Apotheosis of the Voice: An Exploration of Synthetic Vocal Modification in Modern Music
Throughout human history, music often centered around the human voice, whether in the form of large choirs performing complex symphonies or a pop diva showing off their vocal range over a backing track. However, in recent years, it has become clear that the once-heavy importance placed on natural singing ability has more or less subsided. A good vocalist will always have room in music and will always be appreciated and unequivocally praised (as indicated by the continued support for singing shows like American Idol, The Voice, and all of their knockoffs). But, at the end of the day, nobody really cares anymore: if the song sounds good, the singer’s actual singing ability does not matter.

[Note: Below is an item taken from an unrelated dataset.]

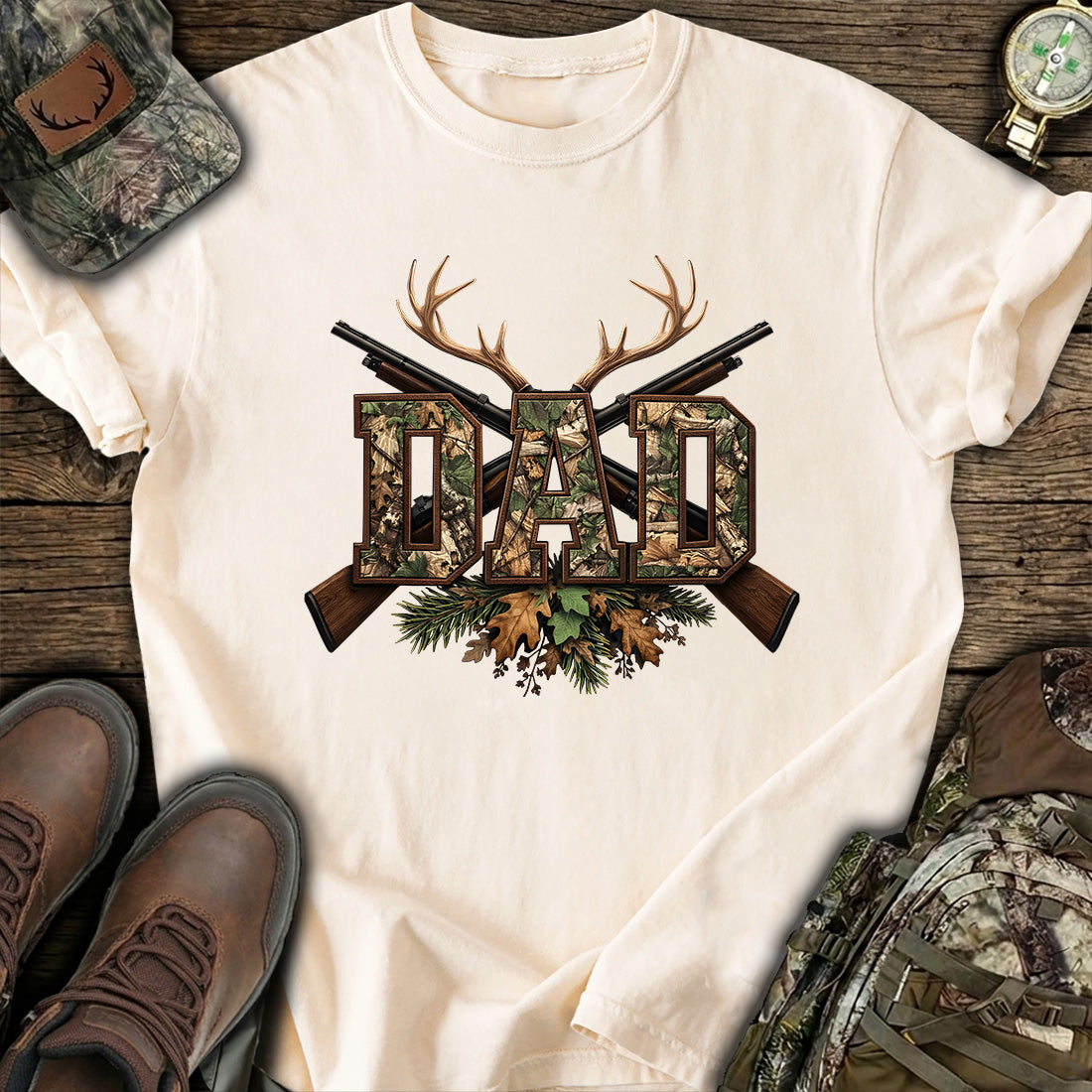 Camo Hunting Dad Deer Rifle T-Shirt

One avenue through which this has been most clearly achieved in the mainstream was through the rise of autotune in the late 90s and early 2000s. Originally a technology developed by a mathematician, derived from algorithms he made to help oil companies interpret seismological sonar readings in order to find new drilling sites, auto-tune was initially intended to be something more underground. But, the moment it appeared on Cher’s 1998 single “Believe,” the technology rocketed to the forefront, despite Cher’s producers’ best attempts to cover it up under lies of vocoders and pedals. Suddenly, the world became a place where anybody, even the worst of singers, could sound passable, and where the best of singers could finally sound absolutely pitch perfect. Auto-tune soon found its place in popular music. Rappers like T-Pain and Quavo seemed to have completely embraced the modulation, and singers like Katy Perry and Rihanna began to use it as a way to bring their vocals one step closer to what they wanted them to be.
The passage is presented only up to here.